Ende der Isolation: 3 negative Sputummikroskopien an 3 unterschiedlichen Tagen
Therapie
Ambulante Therapie möglich
Gesamttherapiedauer: Im Regelfall 6 Monate
Initialphase mit 4-fach-Therapie: 2 Monate Isoniazid (INH) + Rifampicin (RMP) + Pyrazinamid (PZA) + Ethambutol (EMB)

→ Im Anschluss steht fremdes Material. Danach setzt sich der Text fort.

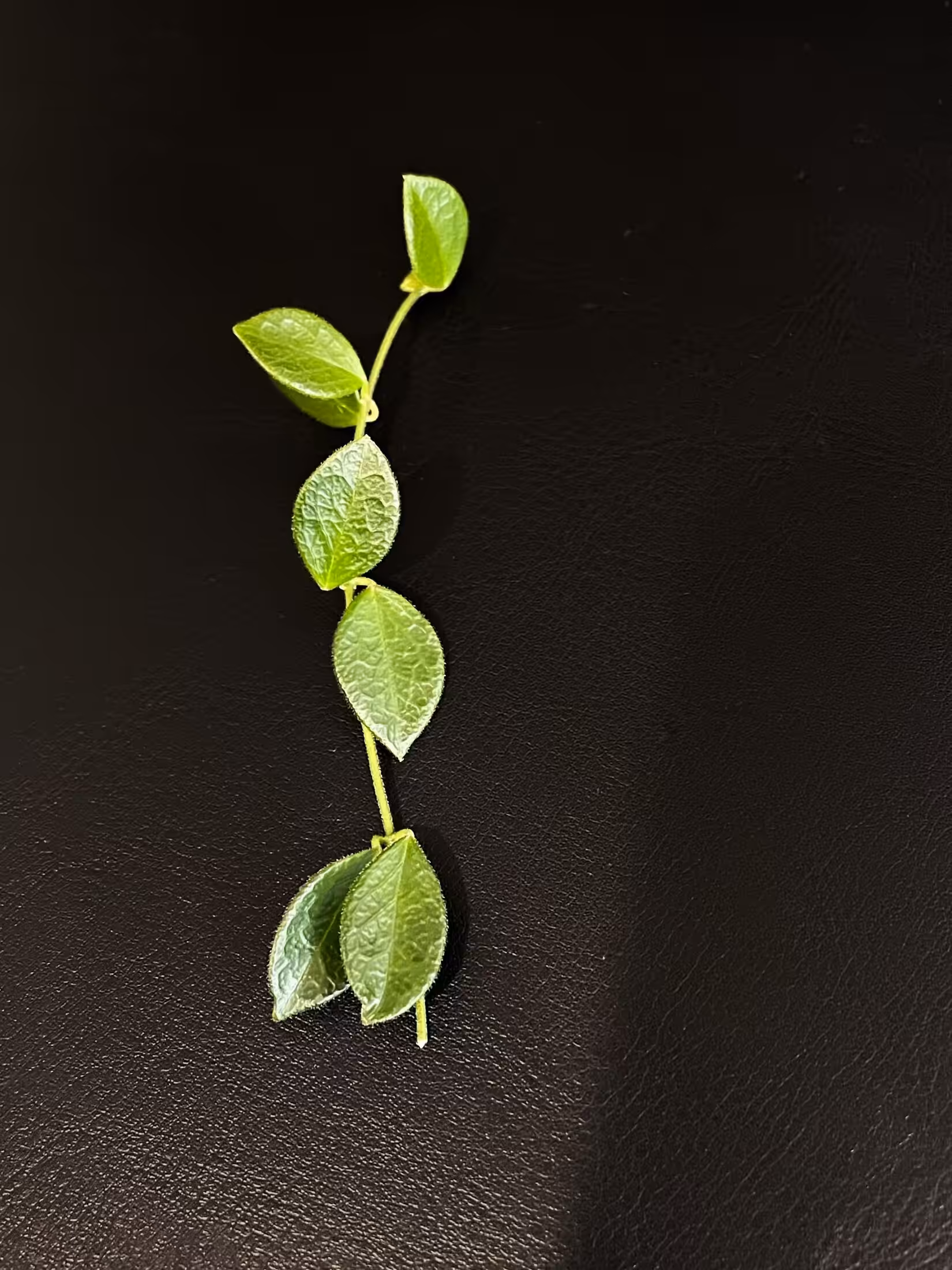 Hoya plant cutting with green leaves on black background.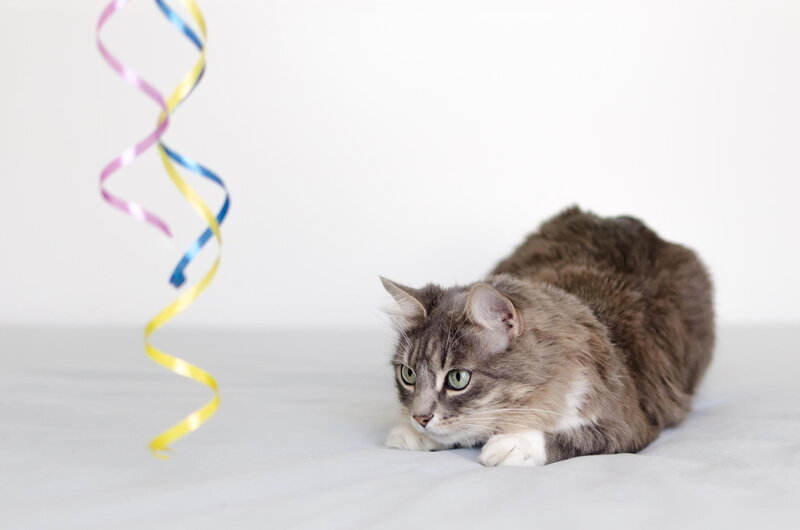 Fluffy Tabby Cat — Gray, Calm, Photograph, Ribbon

Kontinuitätsphase mit 2-fach-Therapie: Über weitere 4 Monate, hierbei möglichst mit INH + RMP
Verlängerung der Therapiedauer (auf 9–24 Monate), ggf. erforderlich bei
Komplizierten Verläufen
Immunsuppression (HIV)
Unverträglichkeit eines der Medikamente der Standardtherapie
Erkrankung durch multiresistente Erreger
MERKEN !!!!!!
„PERI“ als Akronym für die vier Standardmedikamente: Pyrazinamid 2 Monate, Ethambutol 4 Monate, Rifampicin 6 Monate , Isoniazid 6 Monate
Während der tuberkulostatischen Therapie müssen regelmäßige Kontrollen von Blutbild, Harnsäure, Nierenretentionsparametern und Leberwerten erfolgen!
Merken !!!
Vor Therapiebeginn ist wegen der Gefahr einer Optikusneuritis bei Ethambutol-Gabe ein Ophthalmologie-Konsil indiziert!
Vor Therapiebeginn ist wegen der Ototoxizität von Streptomycin immer ein HNO-Konsil indiziert!